_Required action:_ In the material below, find the line with "Kutahya, Türkiye 'nin" and the line with "Stencil Thickness: .100". Output exactly those two lines and all lines between them, leaving out pictures.

_Records for the task:_
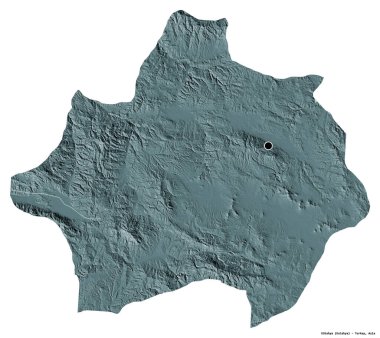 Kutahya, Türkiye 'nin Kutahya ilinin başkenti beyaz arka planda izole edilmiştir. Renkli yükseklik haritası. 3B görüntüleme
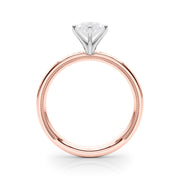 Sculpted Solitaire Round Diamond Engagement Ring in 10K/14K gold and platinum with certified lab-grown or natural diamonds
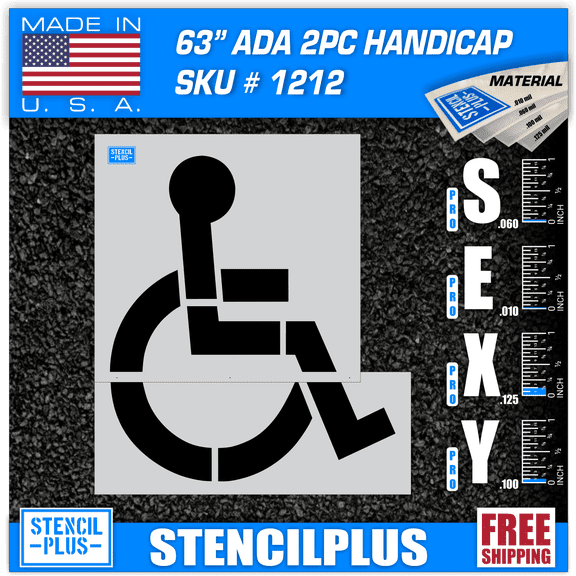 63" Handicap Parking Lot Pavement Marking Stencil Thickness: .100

* * *

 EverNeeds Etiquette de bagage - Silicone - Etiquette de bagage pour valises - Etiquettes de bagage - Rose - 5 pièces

==

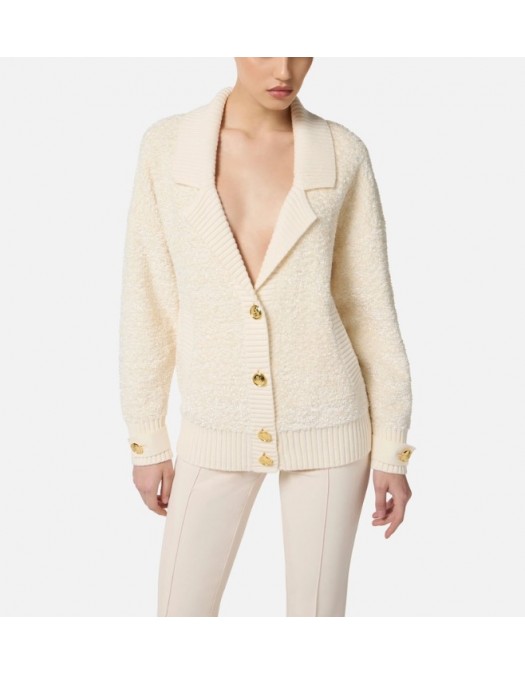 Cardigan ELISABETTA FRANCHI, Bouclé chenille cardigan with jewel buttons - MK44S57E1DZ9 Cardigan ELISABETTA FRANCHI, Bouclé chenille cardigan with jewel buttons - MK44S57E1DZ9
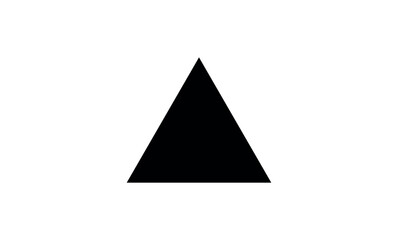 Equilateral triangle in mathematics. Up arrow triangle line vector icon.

_Reply:_
 Kutahya, Türkiye 'nin Kutahya ilinin başkenti beyaz arka planda izole edilmiştir. Renkli yükseklik haritası. 3B görüntüleme
 Sculpted Solitaire Round Diamond Engagement Ring in 10K/14K gold and platinum with certified lab-grown or natural diamonds
 63" Handicap Parking Lot Pavement Marking Stencil Thickness: .100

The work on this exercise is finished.